MATURATION OF SYMPATHETIC NEUROTRANSMISSION IN THE RAT-HEART .9. DEVELOPMENT OF TRANSSYNAPTIC REGULATION OF CARDIAC ADRENERGIC SENSITIVITY

Abstract

The number of .beta.-adrenoceptors and the cardiac sensitivity to adrenergic stimulation increase substantially in the immediate postnatal period of the rat. To determine whether transsynaptic input influences this developmental process, the effects of a sympathomimetic and of agents which destroy noradrenergic nerve terminals on regulation of adrenergic postsynaptic sensitivity were compared in hearts from adult and developing rats. In mature animals, chronic exposure to the .beta.-agonist isoproterenol (2.5 mg/kg s.c.) led to rapid onset (3-5 days) of chronotropic adrenergic subsensitivity accompanied by a loss of .beta.-adrenoceptor binding site; chemical sympathectomy by daily administration of guanethidine (50 mg/kg s.c.) or by 6-hydroxydopamine (100 mg/kg s.c. given once daily for 3 days) resulted in chronotropic adrenergic supersensitivity and increases in bindng sites.
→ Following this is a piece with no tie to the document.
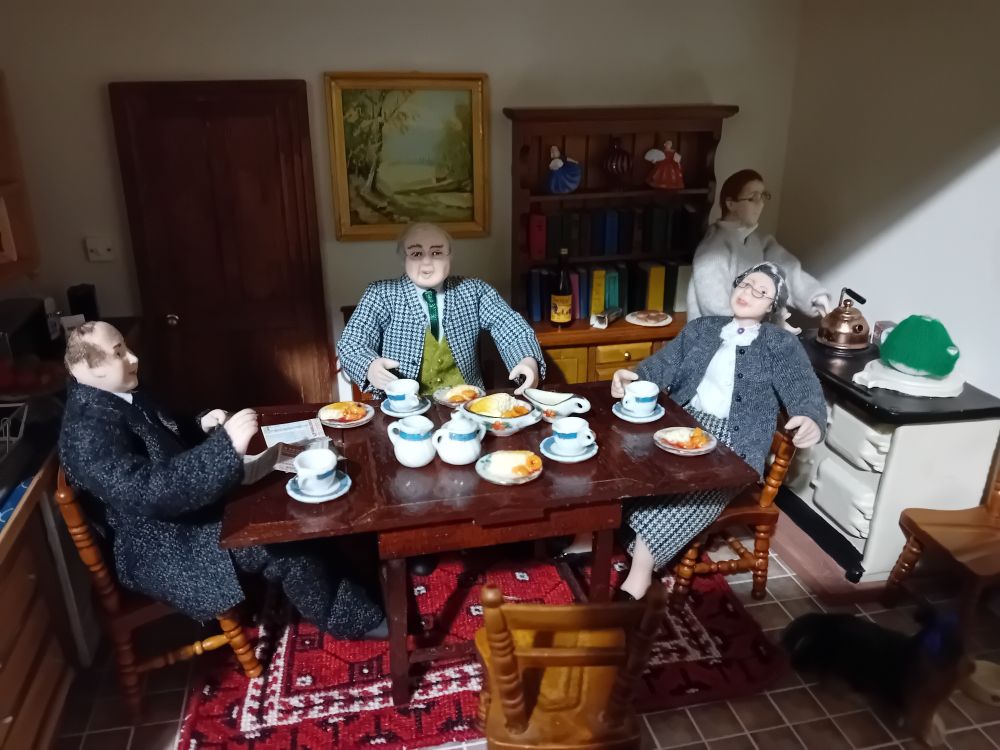 A dollshouse family are having a meal.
These data in the adult agree with classical transsynaptic modulation of adrenergic postsynaptic reactivity. Identical drug treatments of immature rats beginning 1 day after birth failed to evoke changes in either chronotropic adrenergic sensitivity or in numbers of .beta.-adrenoceptor binding sites until the 3rd-4th wk. The initial development of .beta.-adrenoceptors and responsiveness to catecholamines in the neonatal myocardium are not transsynaptically regulated; rather, other (e.g., hormonal) factors appear to control early maturation of cardiac adrenergic sensitivity.